Project

General

Profile

Actions

Bug #53811

open

standby-replay mds is removed from MDSMap unexpectedly

Added by 玮文 胡 over 2 years ago. Updated over 1 year ago.

Status:
Pending Backport
Priority:
Normal
Assignee:
-
Category:
Correctness/Safety
Target version:
% Done:

0%

Source:
Tags:
backport_processed
Backport:
quincy,pacific
Regression:
Yes
Severity:
3 - minor
Reviewed:
Affected Versions:
ceph-qa-suite:
Component(FS):
MDSMonitor
Labels (FS):
Pull request ID:
Crash signature (v1):
Crash signature (v2):

Description

In `MDSMonitor::prepare_beacon`

...
} else if ((state == MDSMap::STATE_STANDBY || state == MDSMap::STATE_STANDBY_REPLAY)
        && info.rank != MDS_RANK_NONE)
{
  dout(4) << "mds_beacon MDS can't go back into standby after taking rank: " 
             "held rank " << info.rank << " while requesting state " 
          << ceph_mds_state_name(state) << dendl;
  goto evict;
}

This would evict standby-replay mds unexpectedly since standby-replay also has a rank.
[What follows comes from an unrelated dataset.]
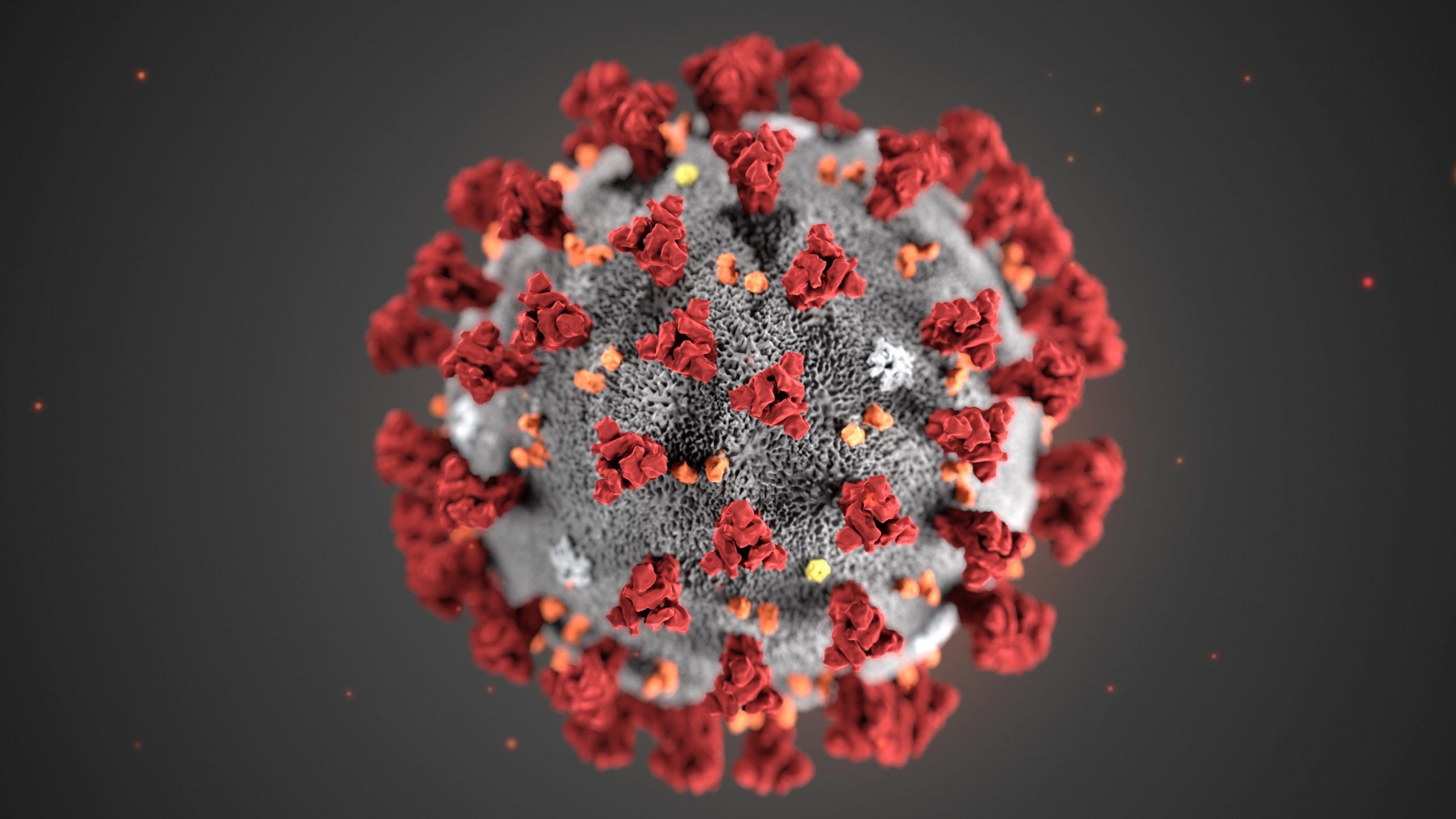 Florida ve más de 2,600 nuevos casos de coronavirus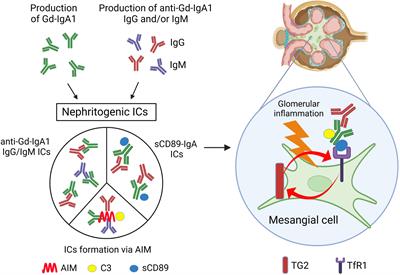 Current understanding of <mark class="highlighted">IgA antibodies</mark> in the pathogenesis of IgA nephropathy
Related issues 3 (0 open3 closed)

Copied to CephFS - Backport #57261: pacific: standby-replay mds is removed from MDSMap unexpectedlyResolvedVenky ShankarActions
Copied to CephFS - Backport #57262: octopus: standby-replay mds is removed from MDSMap unexpectedlyRejectedActions
Copied to CephFS - Backport #57370: quincy: standby-replay mds is removed from MDSMap unexpectedlyResolvedVenky ShankarActions
Actions #1

Updated by Venky Shankar over 2 years ago

  • Category set to Correctness/Safety
  • Status changed from New to Fix Under Review
  • Target version set to v17.0.0
  • Backport set to pacific,octopus
  • Pull request ID set to 44501
Actions #2

Updated by Patrick Donnelly over 2 years ago

I think you probably found this when the standby-replay daemon was "laggy" and then came back, yes?

Actions #3

Updated by 玮文 胡 over 2 years ago

Patrick Donnelly wrote:

I think you probably found this when the standby-replay daemon was "laggy" and then came back, yes?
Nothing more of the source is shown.